Snake bites by the Papuan taipan (Oxyuranu... [Am J Trop Med Hyg. 1995] - PubMed - NCBI

And it's not just for Taipans...Mamba Bites and other highly venomous Neurotoxic snake bites are often successfully treated with a combination of Anti Venom and Ventilators...The problem comes from Neurotoxic snakes like Cobras that have other aspects of their venoms which cause other symptoms like tissue damage etc and to a lesser extent Taipans with their hemotoxic aspect of their venom...Which obviously a Ventilator can't help....And Anti Venom is needed


----------



## Stuart (Dec 19, 2013)

Mmafan, what is being said is that neurotoxins don't just affect diaphragm muscle control. They attack the brain synapses and because of that, its not just loss of oxygen that will kill you.


----------



## Firepac (Dec 19, 2013)

From CSL Antivenom Handbook - Taipan Antivenom "Both species of Taipan have similar venom components including pre and post synaptic neurotoxins, *powerful procoagulants,* myolysins.....the coagulopathy is often profound, with complete defibrination within an hour of the bite, and potential for major haemorrhage".

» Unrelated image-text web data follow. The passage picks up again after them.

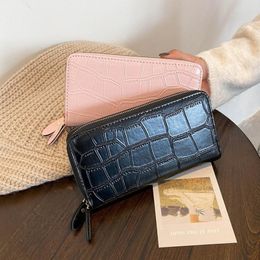 Wallets Fashion Women Luxury Wallet Large Capacity Stone Pattern Coin Purse Trendy PU Leather Money Bags 2023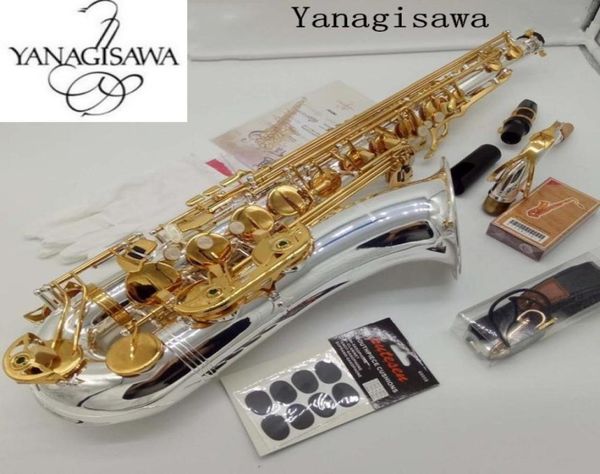 

new tenor saxophone yanagisawa w037 musical instruments bb tone nickel silver plated tube gold key sax with case mouthpiece8119444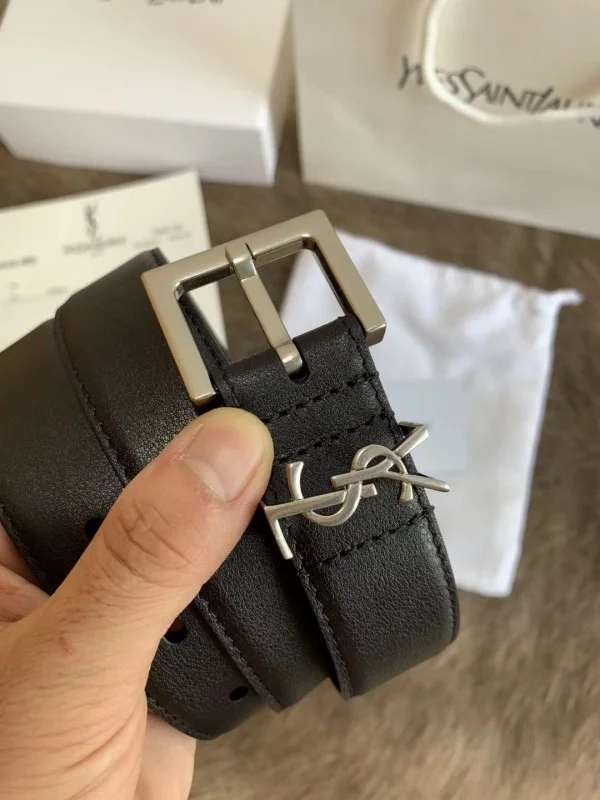 Replica YSL Fake Saint Laurent Monogramme Belt 30MM In Noir Calfskin 6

From WCH Clinical Toxinology Resources the effect on the haemostatic system of Australian Taipans "*Coagulopathy and haemorrhage". 

*Whilst it may seem contradictory that procoagulants cause haemorrhage, my understanding is that they consume the fibrinogen leaving the blood devoid of clotting ability thereby causing haemorrhage.


----------



## eipper (Dec 20, 2013)

You stated that you don't require antivenom to effectively treat a taipan bite.... Show me that in anyone of those Oxyuranus envenomation case histories that the patient received NO antivenom. As also stated by Firepac it's the procoagulants that cause the anti coag effects not a hemotoxin as you stated.

You might be keen but you have a lot to learn before making grandiose claims without a factual basis. Remind everyone your experience with taipans, their envenomations or any other elapids for that manner.


----------



## Bluetongue1 (Dec 21, 2013)

A Medical Dictionary definition...
*Procoagulant:* Relating to or denoting substances that promote the conversion in the blood of the inactive protein prothrombin to the clotting enzyme thrombin.

The term “procoagulants” applied to snake venom toxins seems inappropriate when their effect is actually to remove the body’s ability to clot blood and their dangerous effect is internal (or external) haemorrhage (uncontrolled bleeding). So how does one reconcile the apparent contradiction?

Blood clotting involves a number of concurrent chemical factors and changes which combine to ultimately change prothrombin into thrombin, which then converts fibrinogen, a single protein molecule in the blood, into fibrin strands, made by joining together fibrinogen molecules. These strands form a physical mesh to which platelets (bits of cells designed to assist with clotting) attach, forming a clot that itself adheres to a rupture in the wall of a blood vessel (limited by size of course). 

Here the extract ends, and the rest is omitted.